In July 2012, some 60,000 Sudanese refugees, fleeing conflict in their home country, crowded the Yida camp across the border in South Sudan. Hundreds more arrived each day, exhausted and weak. Each day a handful of refugees died, and the daily death toll was increasing.
As the rainy season began, threatening to worsen sanitation, hygiene, and disease, a study found that about 22 percent of the refugee children under the age of 5 were acutely malnourished. Although USAID, U.N. agencies, and NGOs already were providing emergency assistance, the study — supported by USAID’s Famine Early Warning Systems Network (FEWS NET) project implemented by Chemonics — offered clear evidence of the need to ramp up support.
Nutrition studies such as this have traditionally been used in emergency situations to catalyze humanitarian action, target nutritional and medical interventions, and contribute to ongoing monitoring.

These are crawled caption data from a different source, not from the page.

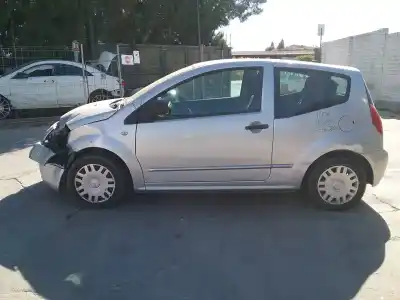 Veículo de Sucata citroen c2 x do ano 2005 alimentado 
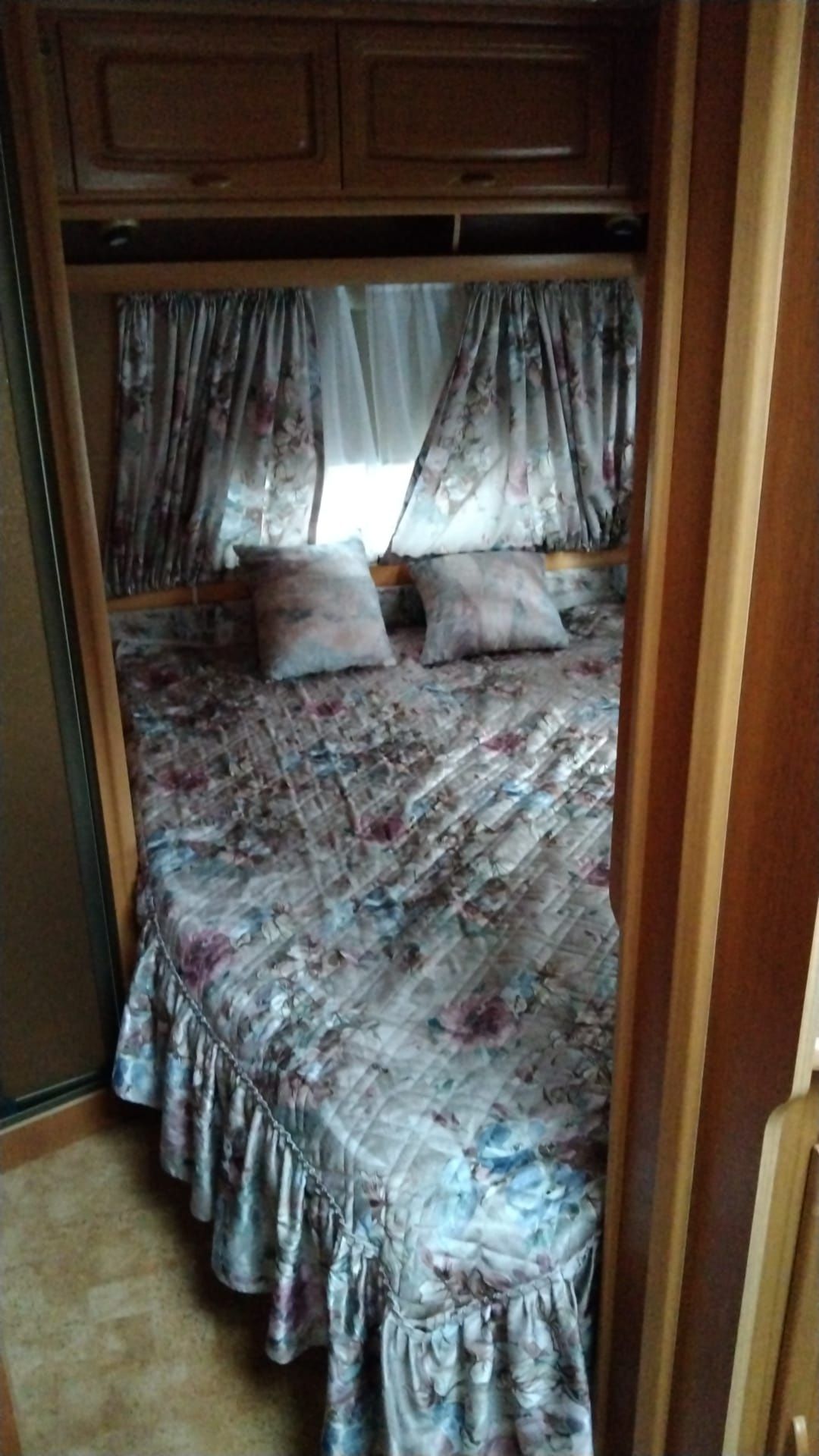 Sprzedam przyczepę jempingowa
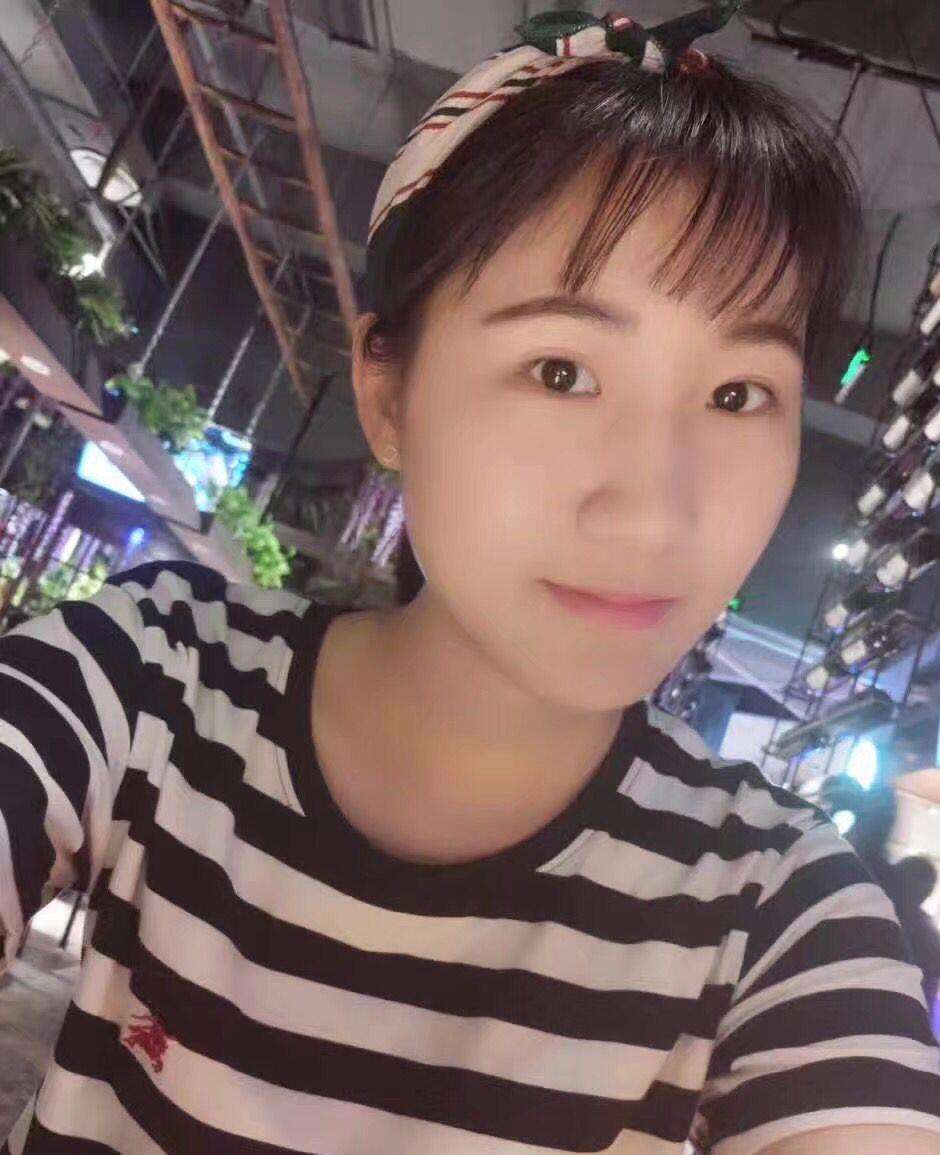 小少妇 little young woman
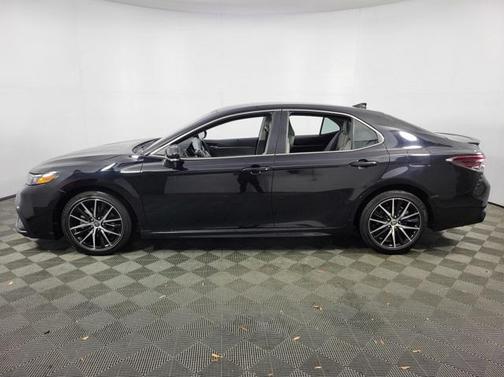 Midnight Black Metallic 2023 Toyota Camry SE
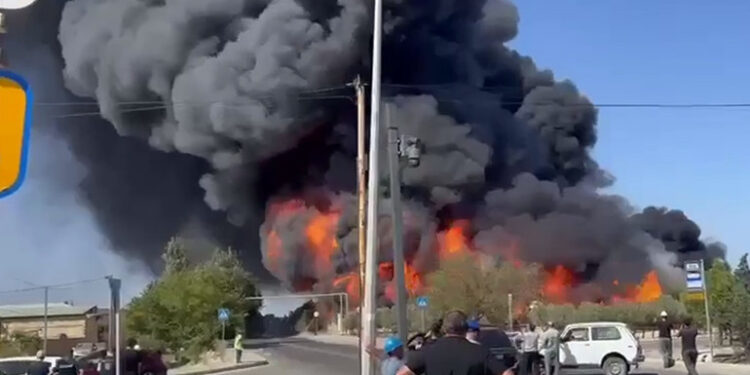 Խոշոր հրդեհ՝ Բաքվում. հրդեհաշիջման աշխատանքներին ուղղաթիռ են ներգրավել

Increasingly, however, FEWS NET is using nutritional analysis to explain the broader context of food security, particularly the underlying causes of and relationships between acute and chronic food insecurity. A more detailed understanding of these causes and relationships could inform longer-term development solutions to food security.
In an expansion of its scope, the project is building its knowledge base on nutrition and increasing the use of nutrition data in its monthly analysis of 36 of the world’s most food-insecure countries. Alongside its long-standing integration of agroclimatology, markets and trade, and livelihoods information, nutrition analysis will add a new stream of critical information on one of the key drivers of food insecurity.